Divergence-free approach for obtaining decompositions of quantum-optical processes

TL;DR

This paper introduces a divergence-free method using finitely entangled states to derive operator-sum representations of quantum channels, specifically for continuous-variable systems, enabling a unified treatment of quantum-limited and noisy channels.

Contribution

It presents a novel approach that avoids divergences in continuous-variable quantum channel representations by employing finitely entangled states and taking limits, providing a unified framework.

Findings

Derived operator-sum representations for all single-mode bosonic Gaussian channels.

Proved the uniqueness of the rank-one Kraus decomposition at entanglement-breaking thresholds.

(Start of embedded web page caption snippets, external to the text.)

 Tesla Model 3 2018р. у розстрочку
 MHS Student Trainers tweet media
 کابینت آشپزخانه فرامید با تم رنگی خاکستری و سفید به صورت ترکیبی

Facilitated potential applications in simulating continuous-variable quantum channels.

Abstract

Operator-sum representations of quantum channels can be obtained by applying the channel to one subsystem of a maximally entangled state and deploying the channel-state isomorphism. However, for continuous-variable systems, such schemes contain natural divergences since the maximally entangled state is ill-defined. We introduce a method that avoids such divergences by utilizing finitely entangled (squeezed) states and then taking the limit of arbitrary large squeezing. Using this method we derive an operator-sum representation for all single-mode bosonic Gaussian channels where a unique feature is that both quantum-limited and noisy channels are treated on an equal footing. This technique facilitates a proof that the rank-one Kraus decomposition for Gaussian channels at its respective entanglement-breaking thresholds, obtained in the overcomplete coherent state basis, is unique. The methods could have applications to simulation of continuous-variable channels.